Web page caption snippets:
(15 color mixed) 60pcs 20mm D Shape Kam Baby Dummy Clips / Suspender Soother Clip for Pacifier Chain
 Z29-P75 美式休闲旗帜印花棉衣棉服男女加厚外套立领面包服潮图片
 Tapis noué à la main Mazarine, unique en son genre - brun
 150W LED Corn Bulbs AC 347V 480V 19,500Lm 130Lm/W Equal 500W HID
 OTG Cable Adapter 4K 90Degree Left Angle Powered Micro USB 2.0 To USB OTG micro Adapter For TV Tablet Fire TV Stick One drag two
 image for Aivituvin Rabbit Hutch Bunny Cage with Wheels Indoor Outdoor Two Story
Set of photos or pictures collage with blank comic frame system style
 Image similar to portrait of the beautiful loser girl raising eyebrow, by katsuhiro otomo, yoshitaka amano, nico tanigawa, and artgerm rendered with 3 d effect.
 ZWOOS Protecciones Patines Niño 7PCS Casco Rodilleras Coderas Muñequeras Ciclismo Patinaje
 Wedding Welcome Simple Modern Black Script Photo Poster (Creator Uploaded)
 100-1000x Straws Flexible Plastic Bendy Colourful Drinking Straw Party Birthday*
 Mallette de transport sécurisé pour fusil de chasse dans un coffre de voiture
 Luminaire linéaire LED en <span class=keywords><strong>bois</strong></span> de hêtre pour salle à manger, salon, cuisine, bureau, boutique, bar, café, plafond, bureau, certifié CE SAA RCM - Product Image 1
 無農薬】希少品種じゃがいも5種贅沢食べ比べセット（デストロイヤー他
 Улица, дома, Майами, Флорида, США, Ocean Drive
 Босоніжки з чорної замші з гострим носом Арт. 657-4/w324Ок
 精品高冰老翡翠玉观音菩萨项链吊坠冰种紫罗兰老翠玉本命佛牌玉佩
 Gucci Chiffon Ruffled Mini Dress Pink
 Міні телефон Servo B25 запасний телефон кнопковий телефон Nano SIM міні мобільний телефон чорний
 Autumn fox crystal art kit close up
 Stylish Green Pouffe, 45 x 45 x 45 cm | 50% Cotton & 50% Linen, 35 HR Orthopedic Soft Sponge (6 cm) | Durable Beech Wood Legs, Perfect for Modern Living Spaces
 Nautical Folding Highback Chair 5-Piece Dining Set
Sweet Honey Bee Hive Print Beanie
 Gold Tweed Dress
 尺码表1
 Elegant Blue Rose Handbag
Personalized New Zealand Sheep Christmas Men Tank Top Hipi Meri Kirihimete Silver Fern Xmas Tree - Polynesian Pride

BRIEF: Filter the data above down to lines with the word "Dress", and copy them.

EXERCISE RESPONSE:
 Gucci Chiffon Ruffled Mini Dress Pink
 Gold Tweed Dress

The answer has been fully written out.